Quote from: a duncandisorderly on July 04, 2019, 09:57:26 PM
so I don't know which wags ran the paramount/comedy ... pages.

In the late 90's it was being run by one guy, a guy called Ant(If I remember correctly) who was only being paid to create a programme guide but took it on himself to create all the other pages, including the Mailbox page.  He set up an answerphone for people to leave their comments and spent hours every night transcribing the comments.  The guy was either insane or very dedicated.

JesusAndYourBush

Does anyone remember a thing in the 90's on one of the teletext pages (I think on ITV) where you phoned a number and it gave you the number of a temporary teletext page (a high number that wasn't being used for anything).  So you went to that page and then (and here my memory is sketchy, I can't remember if it was a simple game or whatever) basically it used voice recognition, so you spoke into the phone and controlled whatever it was that was happening on screen...  only it didn't work.  Presumably voice recognition over the phone was in it's infancy in the 90's, or the software they were using just wasn't any good, but it literally couldn't recognise anything you said.  A total waste of time.

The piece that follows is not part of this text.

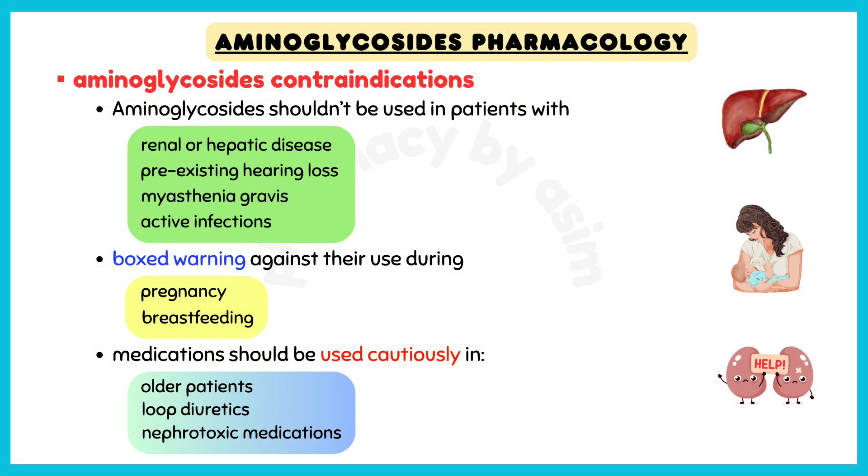As far as contraindications are concerned, aminoglycosides shouldn't be used in patients with renal or hepatic disease, pre-existing hearing loss, myasthenia gravis, and active infections. Additionally, they have a boxed warning against their use during pregnancy and breastfeeding.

Around the same time another channel (maybe a satellite channel) had a similar telephone-based thing.  A kind of messageboard/chatroom type thing.  Like the other one, you called a number and it gave you your own temporary teletext page.  You left your message by pressing numbers on the telephone dial.  It used a cumbersome method and messages took ages to type.  I remember one guy called "Mikey" was able to leave long messages really quickly and eventually he revealed he was using a Commodore 64 to generate the relevant tones necessary to leave the messages.   It was easy to guess the number of someone else's temporary page by guessing page numbers within the relevant range and on several occasions I witnessed this Mikey guy leaving messages.  I saw him stirring up arguments by leaving messages and signing off with other peoples names.  An early form of trolling.

Sebastian Cobb

Quote from: JesusAndYourBush on July 05, 2019, 03:00:30 PM
Does anyone remember a thing in the 90's on one of the teletext pages (I think on ITV) where you phoned a number and it gave you the number of a temporary teletext page (a high number that wasn't being used for anything).  So you went to that page and then (and here my memory is sketchy, I can't remember if it was a simple game or whatever) basically it used voice recognition, so you spoke into the phone and controlled whatever it was that was happening on screen...  only it didn't work.  Presumably voice recognition over the phone was in it's infancy in the 90's, or the software they were using just wasn't any good, but it literally couldn't recognise anything you said.  A total waste of time.

Around the same time another channel (maybe a satellite channel) had a similar telephone-based thing.  A kind of messageboard/chatroom type thing.  Like the other one, you called a number and it gave you your own temporary teletext page.  You left your message by pressing numbers on the telephone dial.  It used a cumbersome method and messages took ages to type.  I remember one guy called "Mikey" was able to leave long messages really quickly and eventually he revealed he was using a Commodore 64 to generate the relevant tones necessary to leave the messages.   It was easy to guess the number of someone else's temporary page by guessing page numbers within the relevant range and on several occasions I witnessed this Mikey guy leaving messages.  I saw him stirring up arguments by leaving messages and signing off with other peoples names.  An early form of trolling.

No, but I remember them doing something like that with a computer game on Live and Kicking and I commented on the voice recognition and my dad pointed out that it was more than likely just a human controlling a joypad.